Friday, April 14 - Sunday, July 2, 2017

 “BORDER CROSSINGS,” a twelve-film look at cinema’s complicated relationship with America’s southern border, unfolds Fridays-Sundays at 11:00am April 14-July 2 in IFC Center’s ongoing “Weekend Classics” program. At a time of intense focus on the U.S.-Mexico boundary—and the flow of people and goods across it—the program samples some 50 years of westerns, crime films and dramas, along with a documentary, about physical, psychological and social divisions between Americans and our neighbors to the south.
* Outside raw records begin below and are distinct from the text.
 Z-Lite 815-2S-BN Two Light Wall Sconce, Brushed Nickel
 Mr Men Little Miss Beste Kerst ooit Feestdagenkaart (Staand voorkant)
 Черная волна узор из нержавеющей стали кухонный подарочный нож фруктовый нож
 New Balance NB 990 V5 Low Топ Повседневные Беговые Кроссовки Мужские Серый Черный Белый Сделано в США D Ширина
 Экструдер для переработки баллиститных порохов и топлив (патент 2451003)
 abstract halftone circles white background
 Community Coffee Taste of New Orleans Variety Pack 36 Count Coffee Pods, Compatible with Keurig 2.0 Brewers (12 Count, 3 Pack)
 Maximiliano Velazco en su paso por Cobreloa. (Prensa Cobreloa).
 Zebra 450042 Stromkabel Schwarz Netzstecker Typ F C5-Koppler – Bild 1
Most of the films in the program will be shown on 35mm; a complete schedule is below.

The program opens with three westerns in which American gunslingers cross over into Mexico for work and profit: Robert Aldrich’s VERA CRUZ (1954, playing April 14-16), John Sturges’s Kurosawa remake THE MAGNIFICENT SEVEN (1960, April 21-23), and Sam Peckinpah’s apocalyptic THE WILD BUNCH (1969, April 28-30).

Crime films that associate lawlessness with the border are represented, too, with Orson Welles’s noir masterpiece TOUCH OF EVIL (1958, May 26-29), Steven Soderbergh’s TRAFFIC (2000, June 9-11) and the Coen Brothers’ NO COUNTRY FOR OLD MEN (2007, June 23-25).
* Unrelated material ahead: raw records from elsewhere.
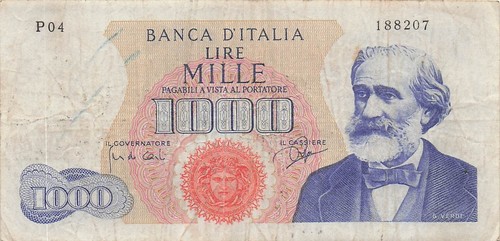 Italy 1000 lire 14 7 - ,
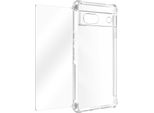 Avizar, Custodia Protettiva Per Google Pixel 7A Angoli Rinforzati + Pellicola In Vetro, Trasparente
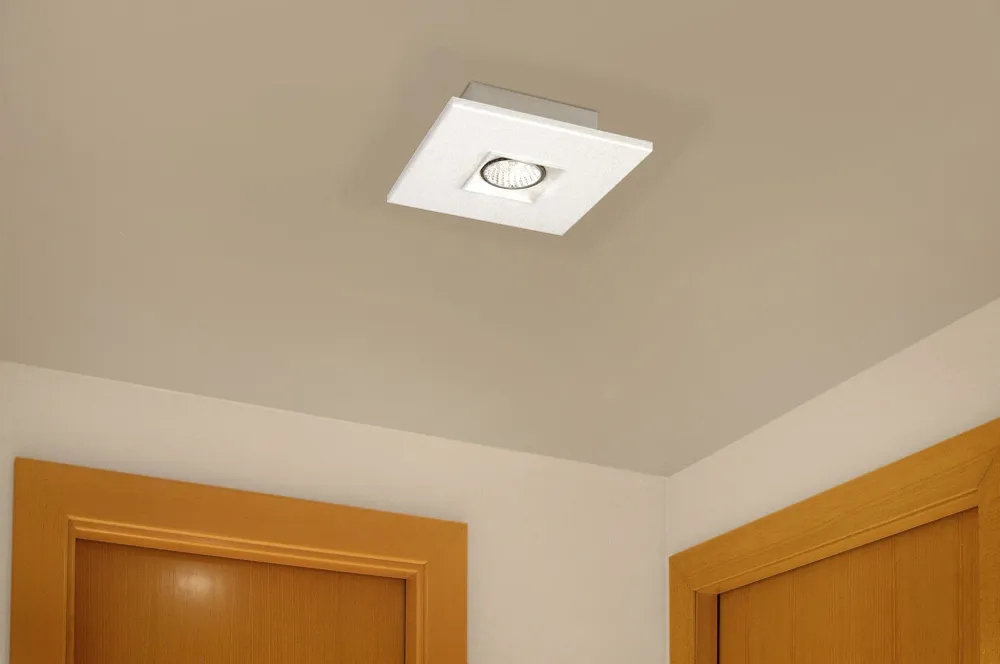 Milan - Polifemo ceiling lamp GU10 1 light textured white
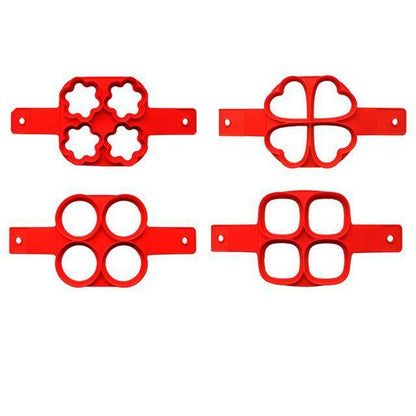 Silicone Non Stick Fantastic Egg Pancake Maker Ring Kitchen Baking Omelet Molds Flip Cooker Egg Ring Mold - Here2Save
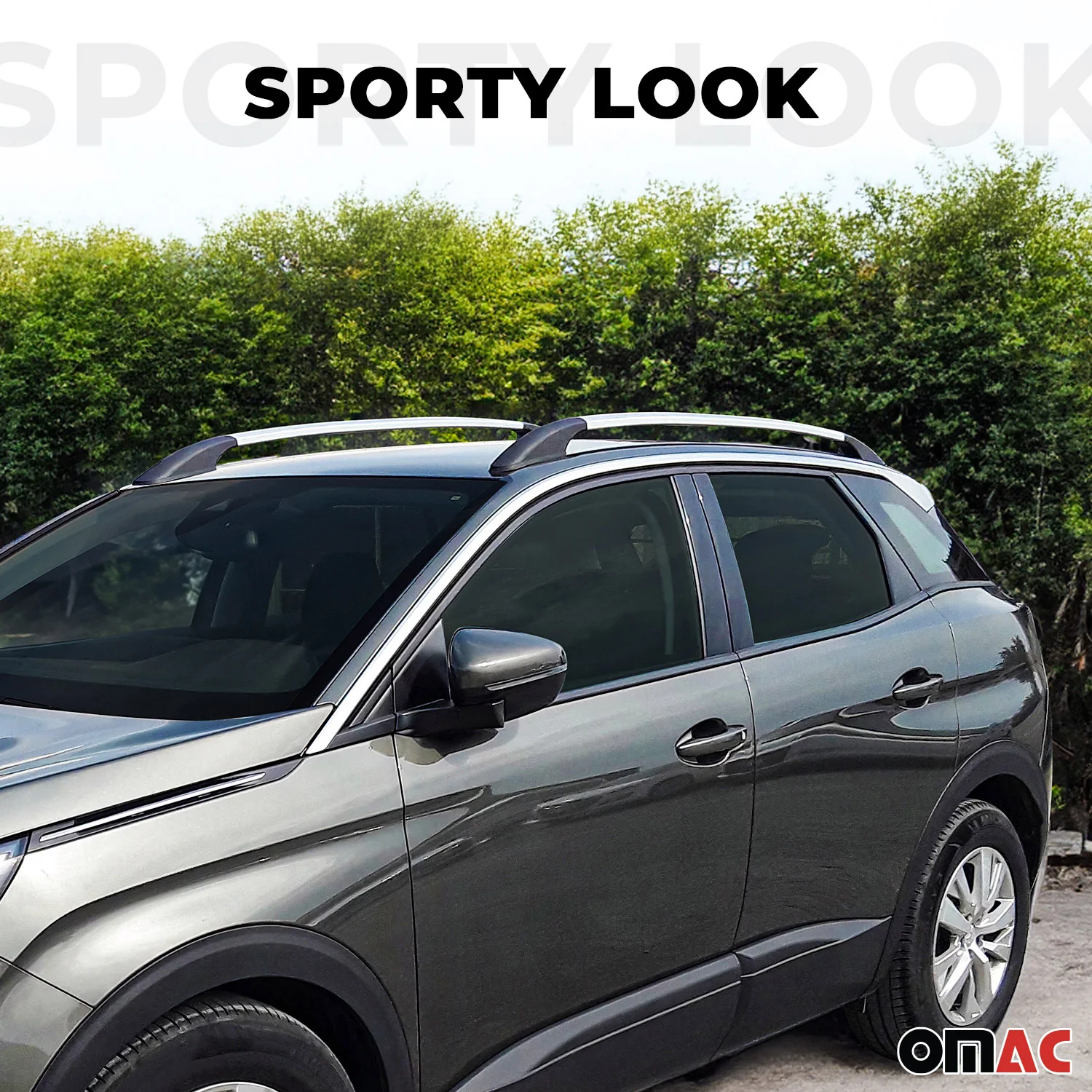 2014-2024 Nissan Navara D23 Roof Rack Rails Side Rails Silver - Image 2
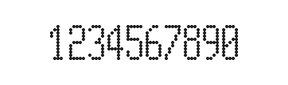 5×11数字点阵字体 ddN511AA0888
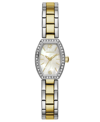 Caravelle Designed By Bulova Women's Two-tone Stainless Steel Bracelet Watch 18x24mm Women's Shoes In White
The series also presents dramas about families whose lives are complicated by cross-border relationships: Gregory Nava’s immigrant stories MY FAMILY, MI FAMILIA (1995, May 5-7) and EL NORTE (1983, June 30-July 2); John Sayles’s Texas tapestry LONE STAR (1996, June 2-4), Alejandro González Iñárritu’s international omnibus BABEL (2006, May 19-21) and Tony Richardson’s THE BORDER (1982, June 16-18), starring Jack Nicholson and Harvey Keitel. Chantal Akerman’s documentary FROM THE OTHER SIDE (2002, May 12-14) rounds out the program,  with real-life migrants, law officers and border residents offering their personal perspectives.